Copy exactly, line for line, the part of the listing from the line containing "6 نوفمبر 2024" through its last line, and nothing else.

------------------------------------------------

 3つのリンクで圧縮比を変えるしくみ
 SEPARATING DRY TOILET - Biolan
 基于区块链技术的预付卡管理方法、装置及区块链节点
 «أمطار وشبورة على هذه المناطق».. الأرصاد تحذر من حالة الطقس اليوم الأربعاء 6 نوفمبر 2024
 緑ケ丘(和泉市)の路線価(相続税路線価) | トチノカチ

------------------------------------------------

(Output for this exercise):
 «أمطار وشبورة على هذه المناطق».. الأرصاد تحذر من حالة الطقس اليوم الأربعاء 6 نوفمبر 2024
 緑ケ丘(和泉市)の路線価(相続税路線価) | トチノカチ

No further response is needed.